Thursday 1 March 2007

This week has been very busy for us.

On Tuesday I went up to York to meet with someone from Access to Work UK. This is the Government body that finances equipment that disabled people need to get to work and hold down a job. Its mostly computer equipment and the services of a paid seeing helper these days. In the meeting, I took the first steps towards getting the Access to Work staff to begin thinking about Thunder in the employment situation. There is a long way to go.

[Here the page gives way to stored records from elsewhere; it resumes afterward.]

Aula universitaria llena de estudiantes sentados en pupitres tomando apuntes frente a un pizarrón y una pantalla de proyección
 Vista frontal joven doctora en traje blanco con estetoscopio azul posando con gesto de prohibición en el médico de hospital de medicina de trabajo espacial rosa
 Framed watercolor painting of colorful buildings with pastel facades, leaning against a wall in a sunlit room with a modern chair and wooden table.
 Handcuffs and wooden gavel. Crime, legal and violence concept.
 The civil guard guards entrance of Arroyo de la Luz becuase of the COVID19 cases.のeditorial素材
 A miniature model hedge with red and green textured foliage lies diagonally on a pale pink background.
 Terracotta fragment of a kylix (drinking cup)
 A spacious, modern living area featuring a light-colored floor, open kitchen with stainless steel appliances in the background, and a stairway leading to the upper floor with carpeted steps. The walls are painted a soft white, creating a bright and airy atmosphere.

Today, some good people from the British Computer Society came to make with us a short video of how Thunder works. The aim is to introduce seeing volunteers to how they get started when helping a blind person at home. Seeing people just look, get the mouse pointer in the right place on the screen and click. We have to recall lots of keystrokes and rely greatly on our imagination and memory. The lass who came is doing a PhD around the topic of how and if a disabled person at home can manage their own computer learning and how much support is essential. Hopefully, we will put up the video on this website when its edited.

I am a trustee of a charity called The blind Business Association and we have just commissioned a report on what we should be doing and where we should go next. So I have been reading this report so that I am ready to chair the crucial meeting next week. Only a fifth of blind people of working age have a job and working for yourself is sometimes the only way forward. Margaret and I have worked from home here since 1992 and we love it. Being able to make your own decisions and mistakes is great and we have not gone bust yet. Its uplifting to be independent and not beholden to others. But we are not millionaires.